### AVAILABLE RECORDS
☆ ☆ ☆ ☆ ☆ ☆ ☆

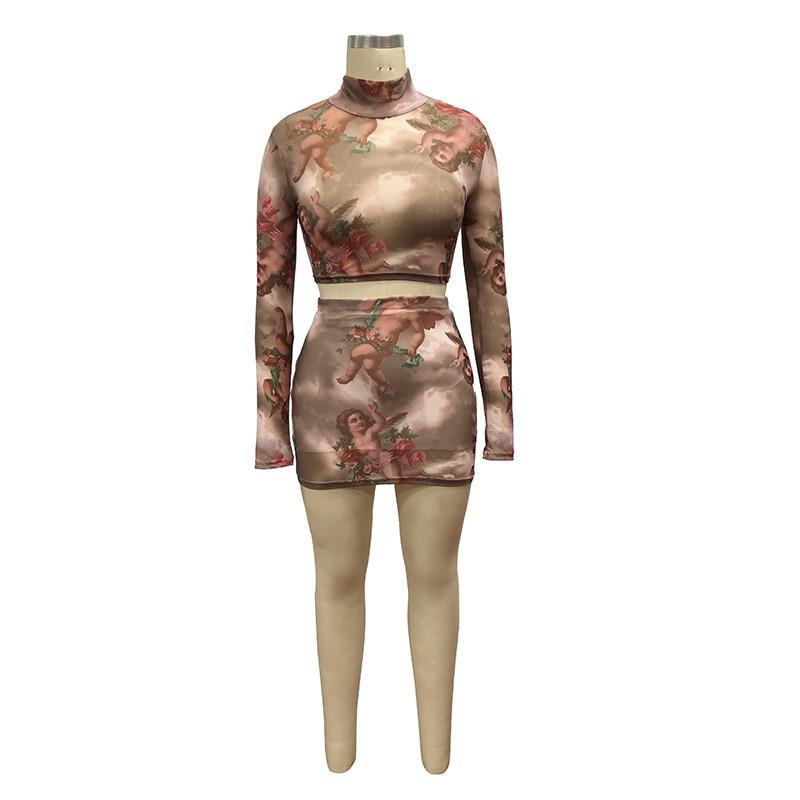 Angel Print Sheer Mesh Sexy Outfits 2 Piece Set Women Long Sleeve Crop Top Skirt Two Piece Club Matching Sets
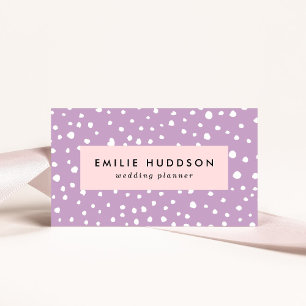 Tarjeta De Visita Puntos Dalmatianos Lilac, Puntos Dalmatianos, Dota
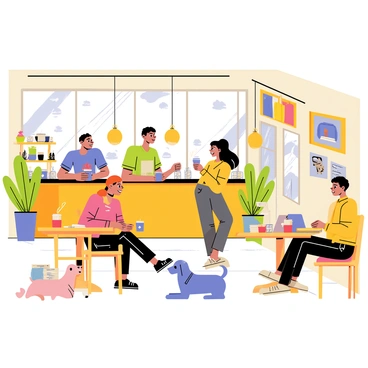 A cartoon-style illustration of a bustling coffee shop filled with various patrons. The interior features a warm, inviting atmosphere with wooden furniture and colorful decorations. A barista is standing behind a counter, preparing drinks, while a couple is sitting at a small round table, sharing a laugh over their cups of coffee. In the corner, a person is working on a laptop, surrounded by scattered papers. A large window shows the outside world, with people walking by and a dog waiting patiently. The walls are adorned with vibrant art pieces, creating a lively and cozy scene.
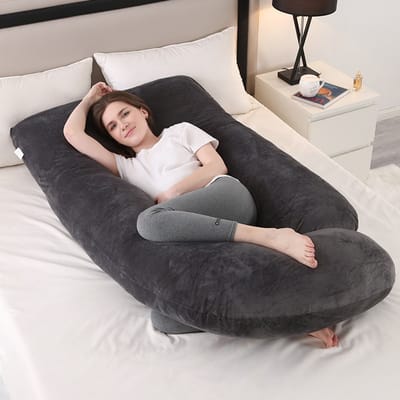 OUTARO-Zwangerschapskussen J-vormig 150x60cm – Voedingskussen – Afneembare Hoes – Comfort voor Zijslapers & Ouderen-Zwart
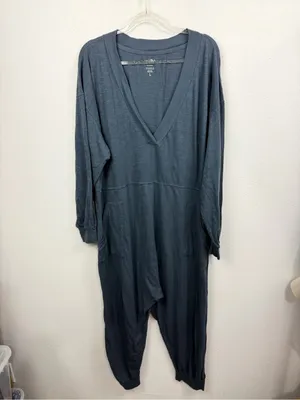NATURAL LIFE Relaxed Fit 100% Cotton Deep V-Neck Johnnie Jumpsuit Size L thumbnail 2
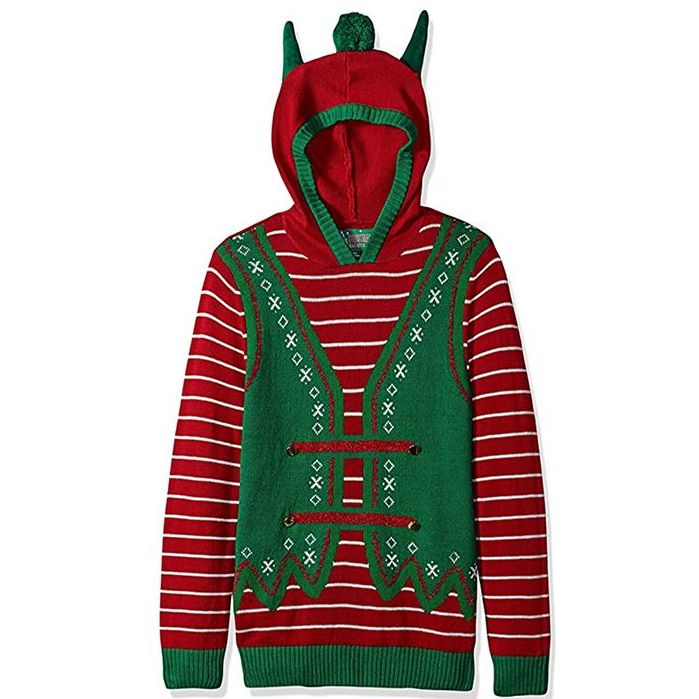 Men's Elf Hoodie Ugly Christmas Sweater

☆ ☆ ☆ ☆ ☆ ☆ ☆

### PROBLEM TO SOLVE
Your copy should match every record exactly and contain no pictures.

### WRITTEN SOLUTION
 Angel Print Sheer Mesh Sexy Outfits 2 Piece Set Women Long Sleeve Crop Top Skirt Two Piece Club Matching Sets
 Tarjeta De Visita Puntos Dalmatianos Lilac, Puntos Dalmatianos, Dota
 A cartoon-style illustration of a bustling coffee shop filled with various patrons. The interior features a warm, inviting atmosphere with wooden furniture and colorful decorations. A barista is standing behind a counter, preparing drinks, while a couple is sitting at a small round table, sharing a laugh over their cups of coffee. In the corner, a person is working on a laptop, surrounded by scattered papers. A large window shows the outside world, with people walking by and a dog waiting patiently. The walls are adorned with vibrant art pieces, creating a lively and cozy scene.
 OUTARO-Zwangerschapskussen J-vormig 150x60cm – Voedingskussen – Afneembare Hoes – Comfort voor Zijslapers & Ouderen-Zwart
NATURAL LIFE Relaxed Fit 100% Cotton Deep V-Neck Johnnie Jumpsuit Size L thumbnail 2
 Men's Elf Hoodie Ugly Christmas Sweater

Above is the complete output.